Donald Trump could be on the brink of being sued for using the Village People’s “YMCA” at campaign rallies.
The song – which, as we all know, is definitely not about gay sex – has been used repeatedly by the soon-to-be-former president at rallies, despite pleas from the Village People for him to stop using it.
On Tuesday, Donald Trump tweeted a haunting, disturbing mega-mix video of himself dancing to “YMCA” at various campaign rallies – and now lawyers for the Village People are planning to submit a complaint over his use of the song, Agence France-Presse reports.
In a statement, Jonathan Belolo, son of Village People founding member Henri Belolo, hit out at Trump for his “illicit appropriation” of the song, as reported by Huffington Post.
Jonathan Belolo, who is also president of the French record label Scorpio Music, said: “The beneficiaries of (band co-founders) Messrs Jacques Morali and Henri Belolo, like the company Scorpio Music, owner of the work, discovered with amazement this illicit appropriation, which is more for partisan and electoral purposes of Donald Trump, which they would never have accepted.”
The statement continued: “This infringing use of the ‘YMCA’ work will therefore be the subject of a complaint in the next few days, both in France and in the United States, against any initiator or accomplice of what constitutes outright theft of the property of others.
“As of now, they are banning anyone from disseminating the contentious video in question without their authorisation.”
Victor Willis, the only original member of the Village People, begged Trump in June to stop using their songs at rallies.
“I ask that you no longer use any of my music at your rallies especially ‘YMCA’ and ‘Macho Man’,” Willis wrote on his personal Facebook page at the time.

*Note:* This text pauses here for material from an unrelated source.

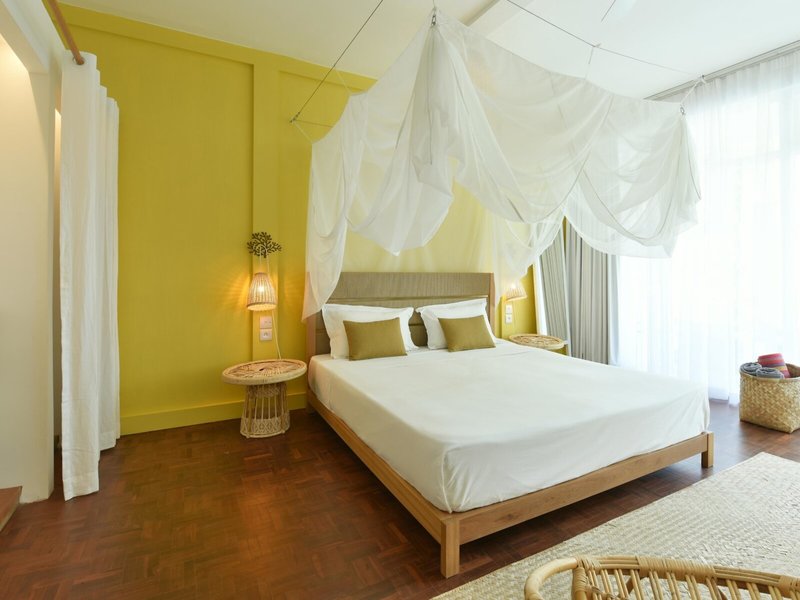 Veranda Tamarin  15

“Sorry, but I can no longer look the other way.”
“YMCA” is famously considered a gay anthem by many, but, while the song instructs a “young man” to stay at the YMCA where he will find “many ways to have a good time”, the song is absolutely not about gay sex.
No, it’s really not – at least, that’s according to Willis, who threatened in September to sue anyone who said it is about queer love.
“‘YMCA’ is one of the most iconic songs in the world. I will not stand idle and allow it to be defamed. Therefore, I will sue the next media organisation, or anyone else, that falsely suggests ‘YMCA’ is somehow about illicit gay sex,” he wrote on Facebook at the time.
“Get your minds out of the gutter please! It is not about that!”